In addition to the record breaking loss activity so far in 2011, the current macroeconomic environment continues to be challenging for the reinsurance industry. Subdued economic growth and low interest rates have seen investment returns remain at low levels through 2011. Coupled with poor underwriting results, the reinsurance sector’s non-technical income could be under pressure for some time to come if the current expansionary monetary polices in the United States and elsewhere remain in place.
In recent years, several reinsurers have offset accident year losses with the release of prior-year reserves on the back of favorable results for accident years 2003-2007. However, following deteriorating accident-year results and rising inflationary trends in subsequent years, many now question their sustainability.
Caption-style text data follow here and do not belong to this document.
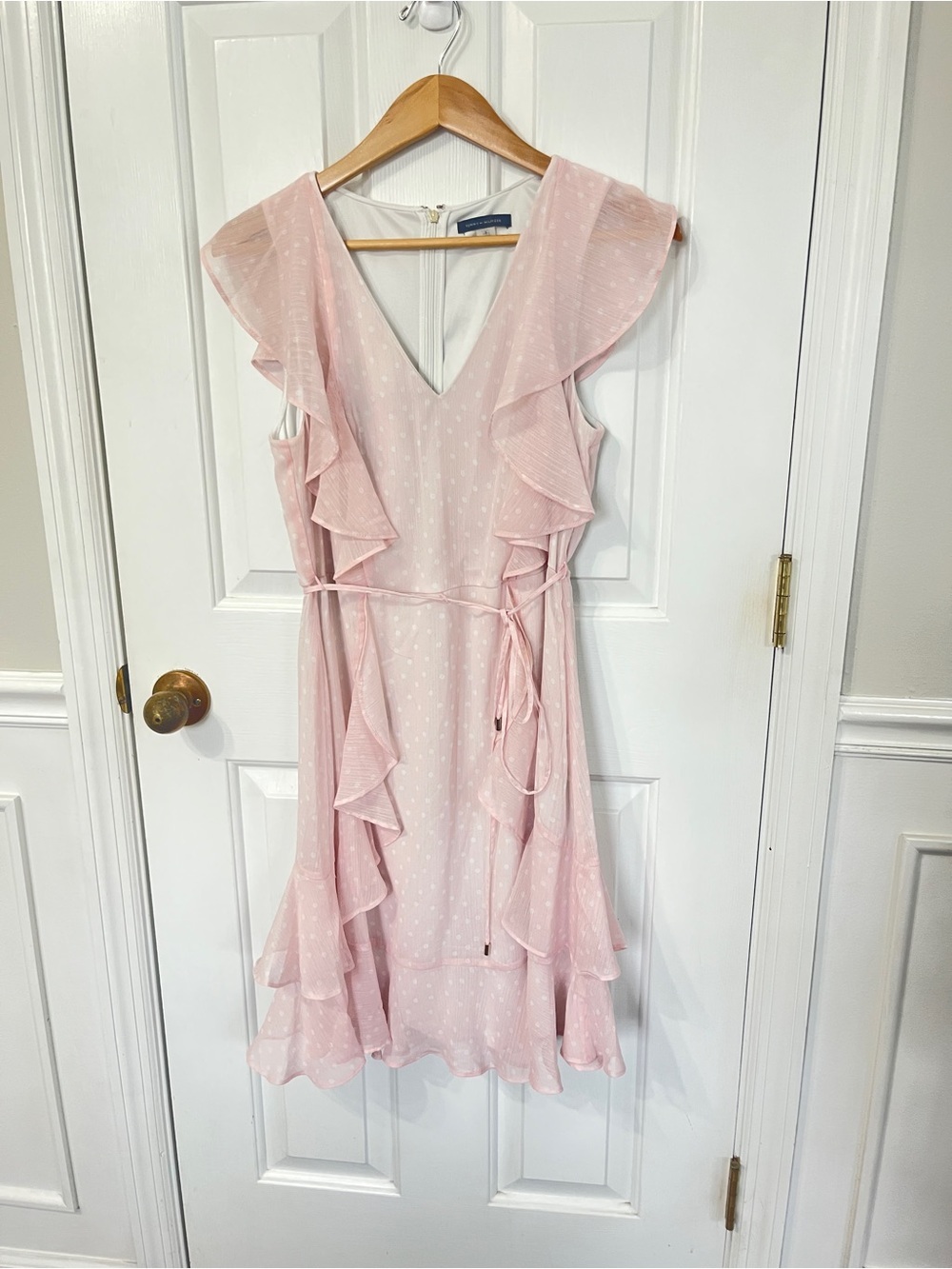 Tommy Hilfiger Medium Mini Dress Pale Pink & White Ruffles Feminine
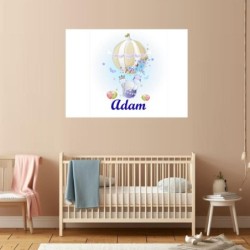  Cuadro personalizado nombre bebe Dibujo Globo 006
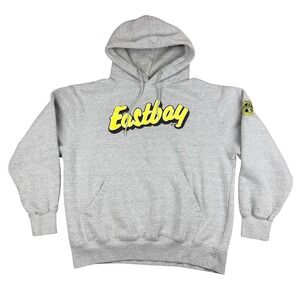 VTG Eastbay Hoodie Mens XL Gray Graphic Logo Sweatshirt Streetwear Skater Y2K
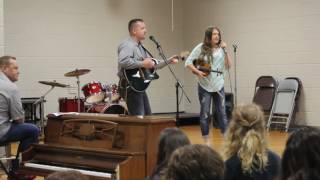 12-year old Olivia and her father performing Travelin' Soldier, by
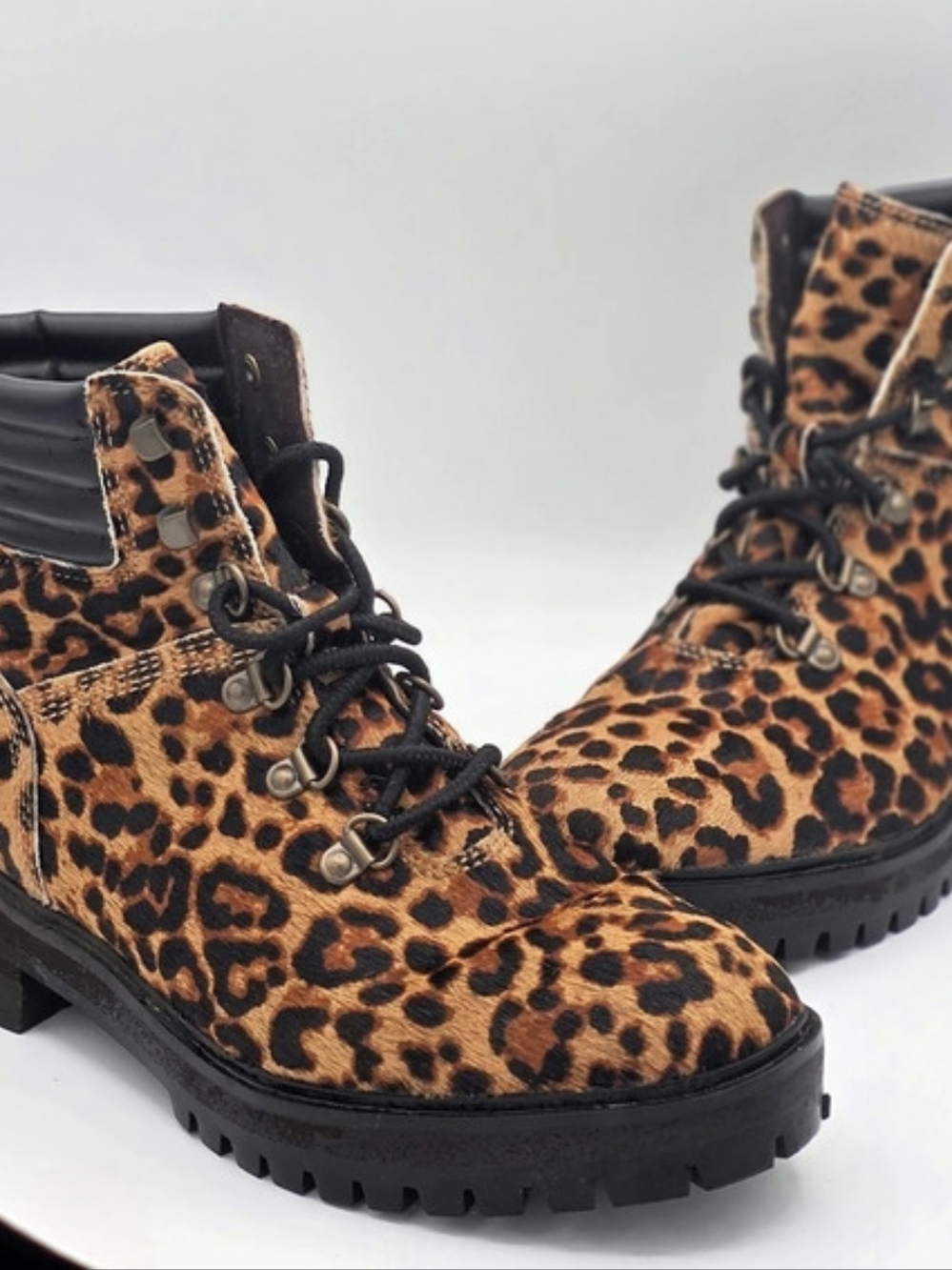 Timberland Courmayeur Valley Leopard Print Calf Hair Boots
Indeed, there have been instances of companies reporting adverse reserve development for recent accident years, raising concerns over reserve adequacy and prompting some reserve additions. We continue to question how much longer reserves can be expected to bolster earnings.
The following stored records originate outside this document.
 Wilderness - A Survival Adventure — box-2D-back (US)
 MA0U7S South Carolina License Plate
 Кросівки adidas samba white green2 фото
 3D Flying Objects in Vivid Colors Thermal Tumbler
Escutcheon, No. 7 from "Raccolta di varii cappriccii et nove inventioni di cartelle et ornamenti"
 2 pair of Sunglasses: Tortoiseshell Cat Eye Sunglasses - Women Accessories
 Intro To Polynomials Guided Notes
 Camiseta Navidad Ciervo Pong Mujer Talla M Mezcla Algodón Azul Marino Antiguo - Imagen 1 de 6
There is also concern over the sovereign debt crisis in Europe. Yields on “safe” government bonds are at or near thirty-year lows, while spreads on peripheral sovereign European securities have reached or approached Euro-era highs. Recent events in the Eurozone have fueled fears over the threat of debt contagion. In an effort to stop the contagion spreading to other European economies, a new bailout plan for Greece was agreed upon in July, with private sector investors asked to accept a 21 percent loss, or ‘haircut,’ on certain Greek debt positions. Such potential impairments to Greek bonds are expected to be manageable for most reinsurers, given their limited exposure. However, should the crisis spread to larger economies, such as those of Spain and Italy, the impact on the industry would take on a new significance.